The Michnas contend the problems boil down to two types of pollutants. One is the soot and other chemicals coming out of the Oak Creek smokestacks, even after more pollution controls were put in when the plant expanded about five years ago.
The second pollutant is coal ash that the electric utility buried in nearby pits decades ago. The Michnas and others contend potentially harmful substances like molybdenum and boron eventually leached into drinking water.
The environmental group Clean Wisconsin has been looking into groundwater contamination near the Michnas' property, as well as near coal ash landfills and sites where the ash is used in building projects , including highways.
An attorney for the group, Katie Nekola, said she doubts the high levels of molybdenum found at some sites are naturally occurring.
"That's what the [Wisconsin Department of Natural Resources] says. But I think at the levels we're seeing molybdenum, it's never found that high [naturally] anywhere," Nekola said.
Clean Wisconsin scientist Paul Mathewson agreed, saying, "We did a literature research when we were first getting into the project, and if you see levels this high, it's almost always contamination from a human source."

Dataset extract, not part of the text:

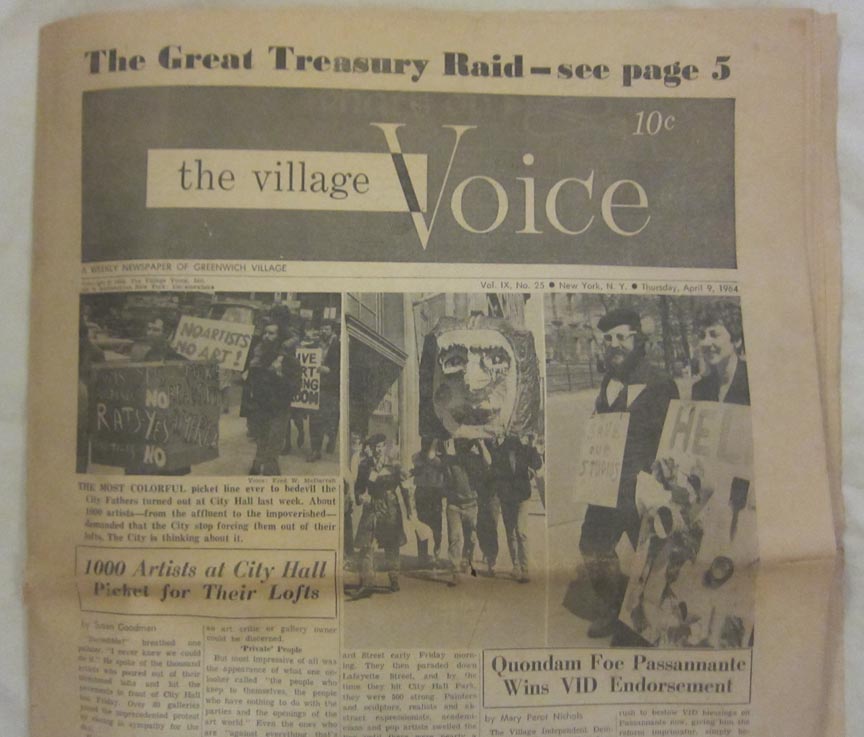 The Village Voice - April 9, 1964 issue about artists rallying for loft rights, back when you had to pay (10 cents!) for the paper.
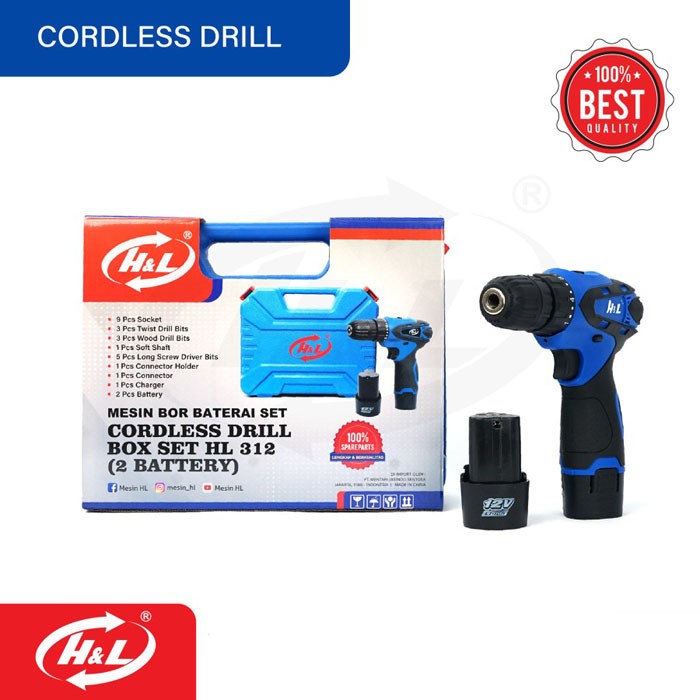 HL 312 Mesin Bor Baterai Set Cordless Drill Boxset 2 Baterai 12V HL312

Still, he said he's unable to rule out that it isn't, "an extremely unusual area," with high natural levels.
Mathewson said Clean Wisconsin hopes to get a more definitive answer by looking closely at the age of local groundwater. If older and deeper water is also high in molybdenum, it's less likely that coal ash is the culprit.

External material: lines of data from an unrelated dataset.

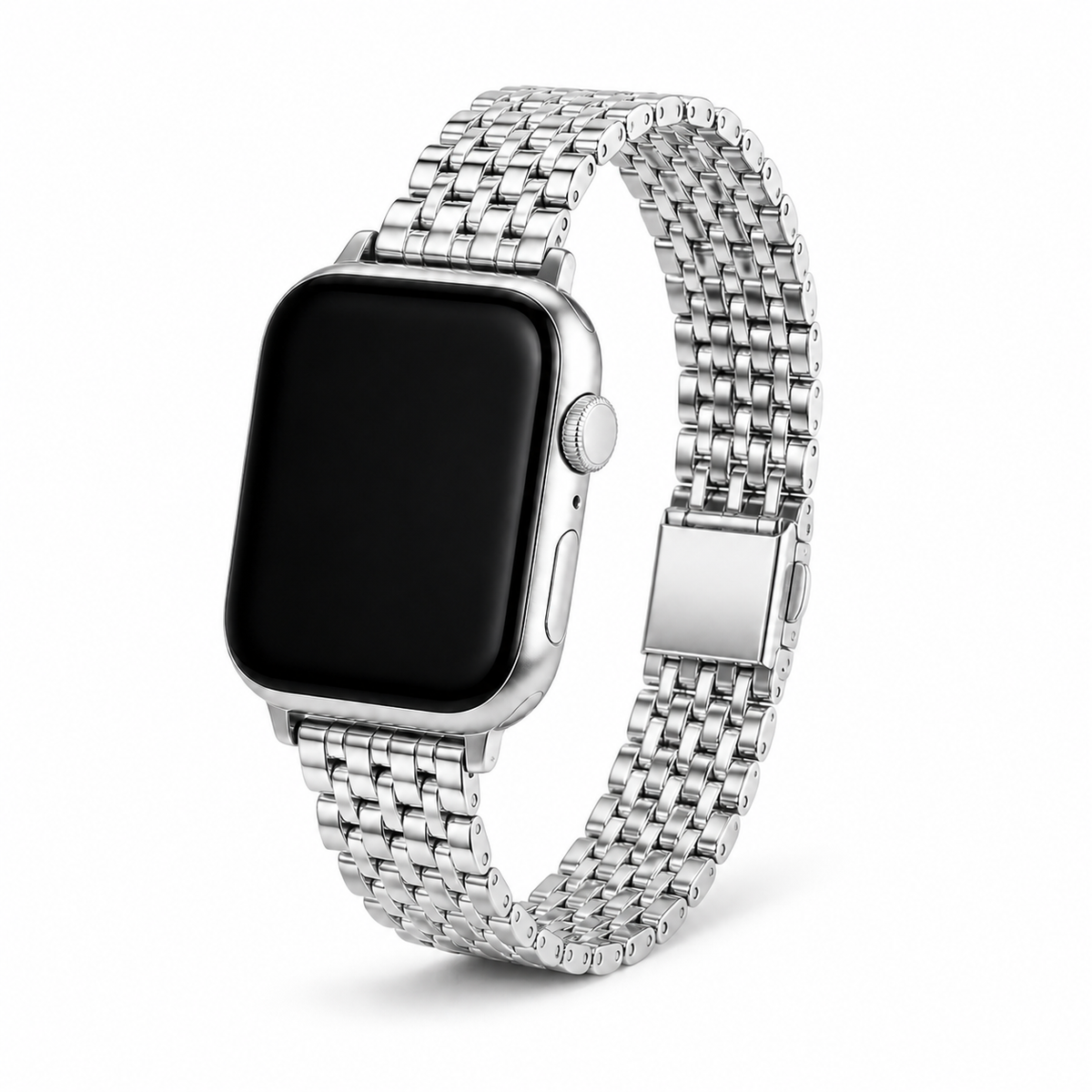 FloraTie Slim Seven-Link Stainless Steel Band Compatible with Apple Watch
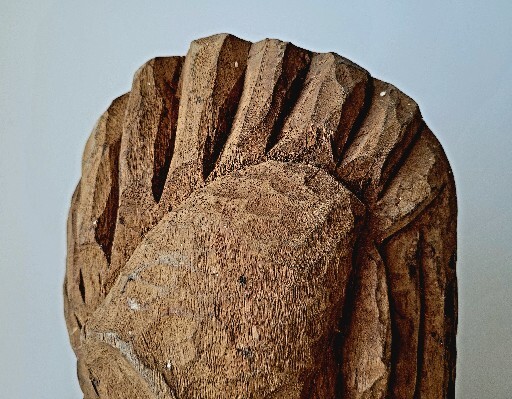 African Tribal Handcrafted Raw Carved Wood Wall Primitive Folk Unusual Mask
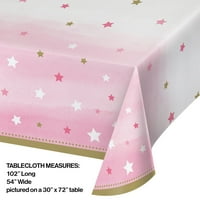 Party Central Club of Pink and White Decorate One Little Star Table Cover 16.2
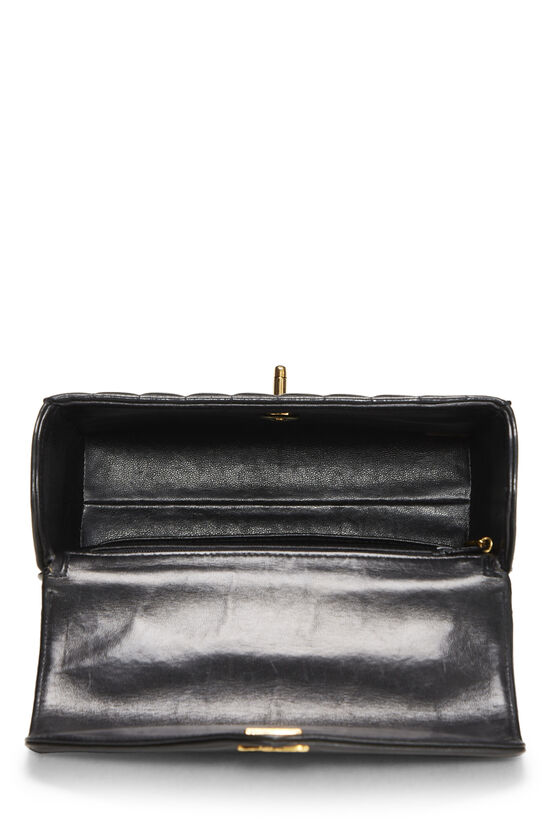 Black Chevron Lambskin Top Handle Bag, , large image number 5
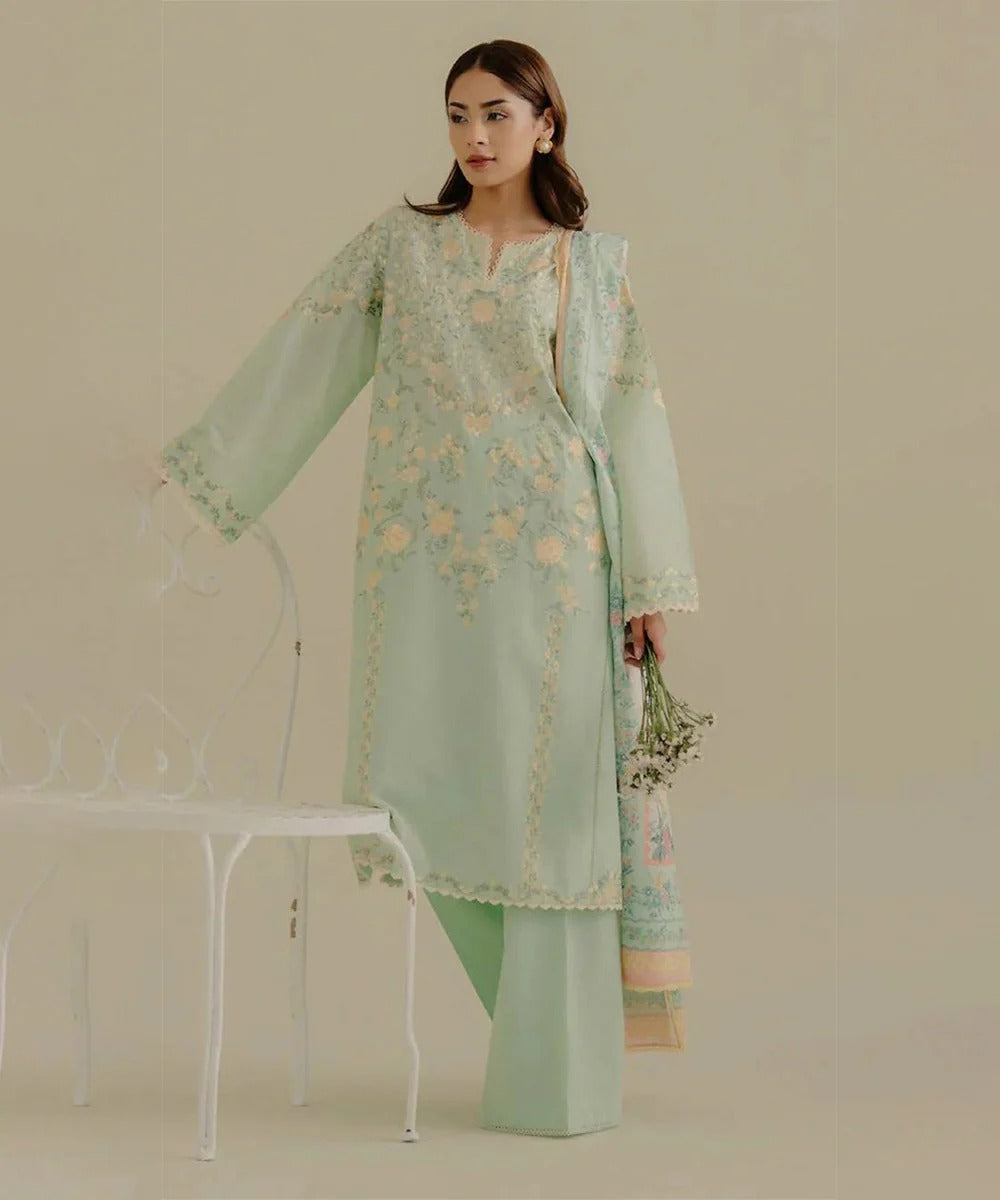 Lawn-3PC Embroidered Shirt with Digital Printed Jacquard Dupatta-1395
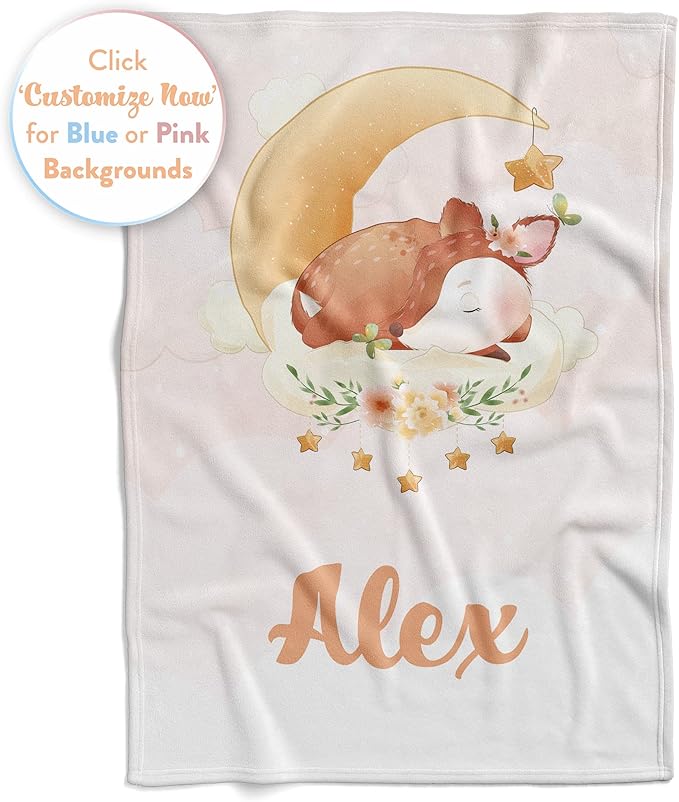 Personalized Baby Blankets with Name | Fawn Custom Baby Girl and Baby Boy Newborn Blanket | Unisex Warm Soft Sherpa Swaddle Blanket Minky | (Fawn, Sherpa 60"x80")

We Energies isn't saying much publicly about the controversy. As part of the same journalists' tour, the company highlighted one of its other power plants where coal ash isn't a concern anymore: the Valley Power Plant in downtown Milwaukee. It's now powered by natural gas and talking points there focused on reduced emissions of greenhouse gases, due to the switch away from burning coal.

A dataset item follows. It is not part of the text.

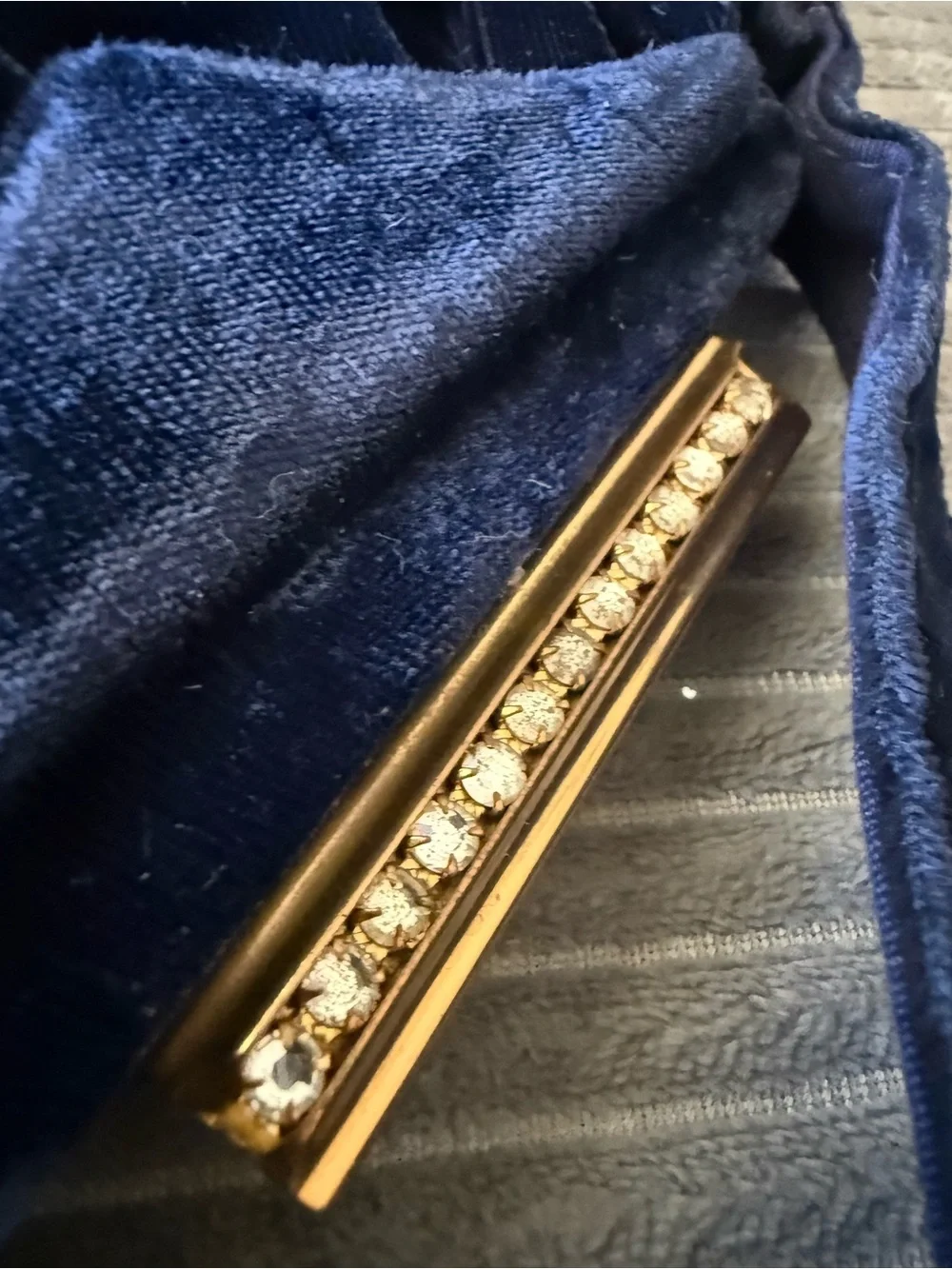 Vintage Navy Velvet Evening Clutch with Gold Bar Clear Rhinestone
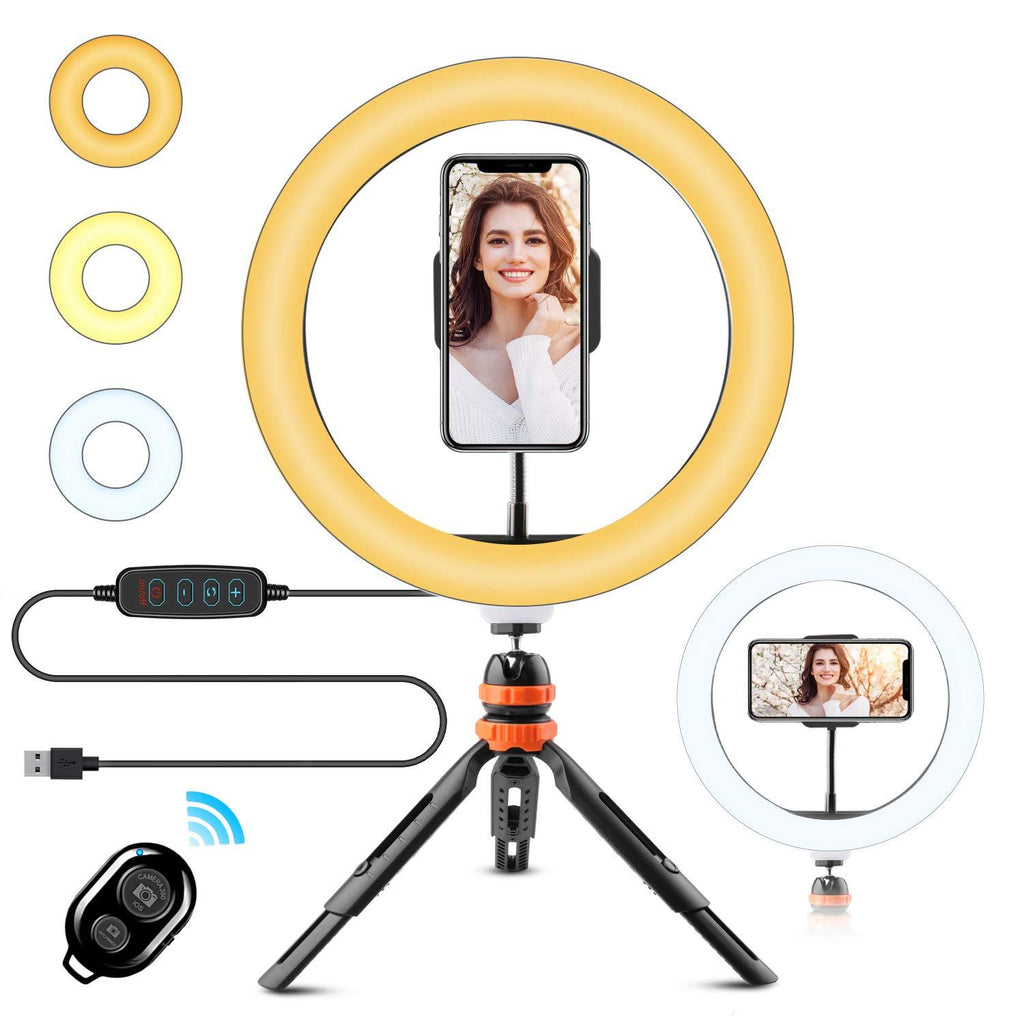 WOWGO 10" Ring Light with Tripod Stand & Phone Holder, 3 Lighting Modes and 11 Brightness Levels, for Live Streaming, YouTube, Makeup, Video Shooting, Vlog, Selfie (Remote Control for iPhone Android)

But We Energies Vice President Bruce Ramme did take a question about whether molybdenum connected to coal ash is polluting water for people like the Michnas.
"Molybdenum is certainly one of the trace elements that exists in coal ash," he said. "We have looked at that very carefully, and we do not believe that molybdenum is contributing to any kind of groundwater issues in Wisconsin.''
Clean Wisconsin's Nekola disagreed with Ramme’s statement when asked for comment.
Ramme also said the company is opposed to possible federal efforts to regulate coal ash as hazardous waste.
As for the Michnas, they'll continue to talk — including during Thanksgiving week — about a potential lawsuit against We Energies, or whether the company will try to buy them out. A We Energies spokesperson declined comment on the Michnas, but said over the years, several other properties have been purchased, as a buffer area around the massive Oak Creek plant.